Bio Technical フォーラム

  • 書き込みがかなり増えてしまいサーバーの負荷が大きくなったので、新しいBioTechnicalフォーラムに移行してください。
  • 新しいトピックは新フォーラムでのみ立ち上げ可能です。レスは2009年2月15日までつけられますが、その後は、つけられません。

トピック一覧 | 研究留学ネットに戻る

最新のフォーラム | このフォーラム(readのみ) | ひとつ前のフォーラム(readのみ)

このスレッドをはてなブックマークに追加このスレッドをはてなブックマークに追加

データベース上の遺伝子配列と違う トピック削除
No.205-TOPIC - 2007/09/17 (月) 17:21:36 - 遺伝子
いつも参考にさせていただいてます。

現在、ラットのある遺伝子AをcDNAライブラリーからPCRでクローニングしています。
得られたクローンを報告(1994年)されているmRNA配列と比較した結果、すべてのクローンで2箇所においてミスマッチが見られました。そこで、さらにハイフィディリティの酵素でPCRし直してクローンを得ましたが、すべてにおいて同様に2箇所のミスマッチが見られました。

ちなみにその2箇所については、得られたクローンとマウス・ヒトの遺伝子A間では配列はマッチしています。また、NCBI上で報告されているラットゲノム配列ともマッチしています。

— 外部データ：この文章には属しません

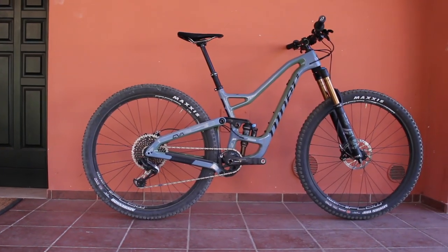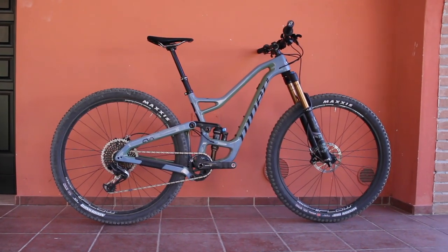Presenting the new Niner RIP9 RDO, our new all-mountain, really fun, all-rounder capable bike. It's the first time that Niner has launched a dual-platform model — a 27.5 specific frame and a 29 specific frame. They share the main points of geometry; head angle and seat tube angle are the same.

こういった場合、皆さんはどういう風にこの先進めますか?
2箇所のミスマッチを報告されているラットmRNAのものとマッチさせるため、サイトダイレクトミュータジェネシス等で変異させますか?
または、このままの配列で使用しますか?

ちなみに、使用目的は1)HEKでの過剰発現と2)In vitroでリン酸化されるかみる、ということです。ミスマッチ部位はS、T、Yの部分ではありません。

皆様の意見をお聞かせいただければ幸いです。
 
- このトピックにメッセージを投稿する -



10件 ( 1 〜 10 )  前 | 次  1/ 1. /1


(無題) 削除/引用
No.205-10 - 2007/09/19 (水) 16:42:00 - えーっと
T様、うーんと様、貴重な情報ありがとうございます。

T様、
2箇所入っていた変異のうち、1箇所はT様に教えていただいたX61098と一致しました。もう1箇所はN末側で2塩基ことなり、121、122番目のアミノ酸が置換してしまう変異です。
自分自身の検索の甘さを痛感しました。もう一度、検索をかけてみて、もう一方の変異を含むものが登録されていないか調べてみます。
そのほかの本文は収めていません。